In stanza 4, we pray specifically that He would guard us from ourselves, our own self-directed sinful tendencies. We are too prone to backslide and turn away from what we know is righteous and virtuous. Jesus taught us to pray, “Lead us not into temptation.” That certainly includes the request that He would guard us in those moments when temptations come, that we might not only resist, but also use those moments to grow stronger in our resolve, that we might not “forsake the right, or do the wrong.” We need God’s “sheltering care” to protect us not only from all forms of hostile attack, but also from the tempter’s snare that would entice us to sin.
Guard me, O Lord, that I may ne’er
Forsake the right, or do the wrong:
Against temptation make me strong,
And round me spread Thy sheltering care.
In stanza 5, we pray specifically that He would bless us “in every task.” Our new heart wants to serve the Lord in gospel work that builds up the church and the people of God.
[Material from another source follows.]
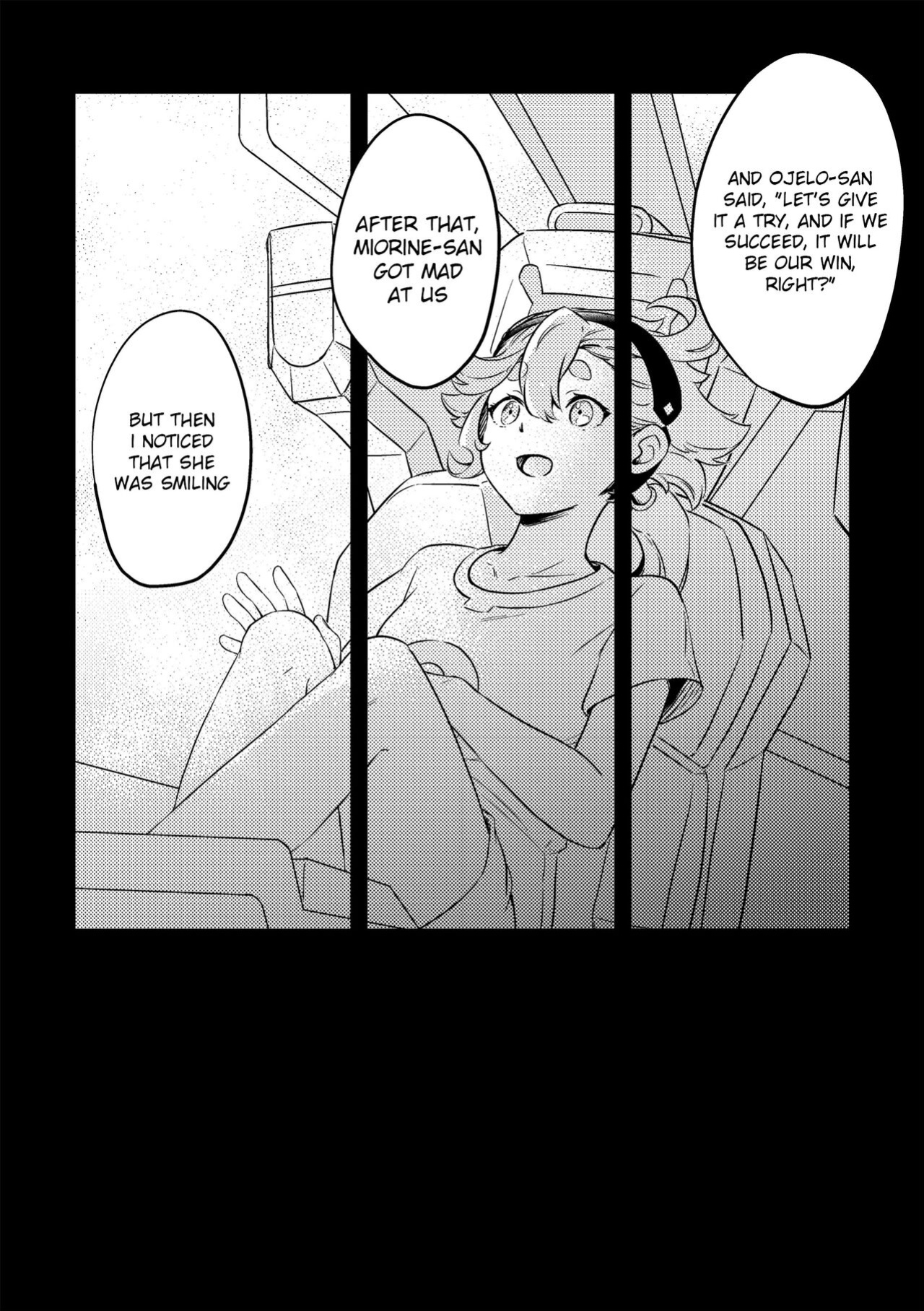 [Tonton] Wakaranakute Mo | Even If You Don't Understand (Mobile Suit Gundam: The Witch from Mercury)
That involves changing other people’s minds and hearts, something only the Lord can do. And so in this hymn, we conclude by asking Him to work through our work, our deeds, our counseling, our evangelizing, our teaching, our praying, so that His will would be accomplished in ways that bring all the credit and glory to Him. We depend on His “abounding grace” as the way for this prayer to be answered.
Bless me in every task, O Lord,
Begun, continued, done for Thee:
Fulfil Thy perfect work in me;
And Thine abounding grace afford.
What a wonderful triad of requests to make of our Lord regularly.
We sing the lyrics to the tune PENITENCE. It is found in the 1867 St. Alban’s Tune Book. It was written by Cornelius Elven (1791-1873), pastor for fifty years of the Baptist Church at St. Edmunds, Suffolk. During his time there, the congregation grew from 40 to over 600 members.
At Charles Spurgeon’s first, and brief pastorate at Waterbeach, Elven was invited to preach for his first anniversary, in 1852. Mr. Spurgeon met him at the station. Noting what a large man Elven was, Spurgeon wrote, “His bulk was stupendous, and one saw that his heart was as large as his body.” He could not go into the river for the baptismal service connected with the anniversary, for he said that “if he got wet through, there were no garments nearer than Bury St. Edmunds that would fit him.”
Elven exhorted the young pastor to “study hard, and mind and keep abreast of the foremost Christians in your little church; for if these men, either in their knowledge of Scripture, or their power to edify the people, once outstrip you, the temptation will arise among them to be dissatisfied with your ministry; and however good they are, they will feel their superiority, and others will perceive it too, and then your place in the church will be very difficult to hold.”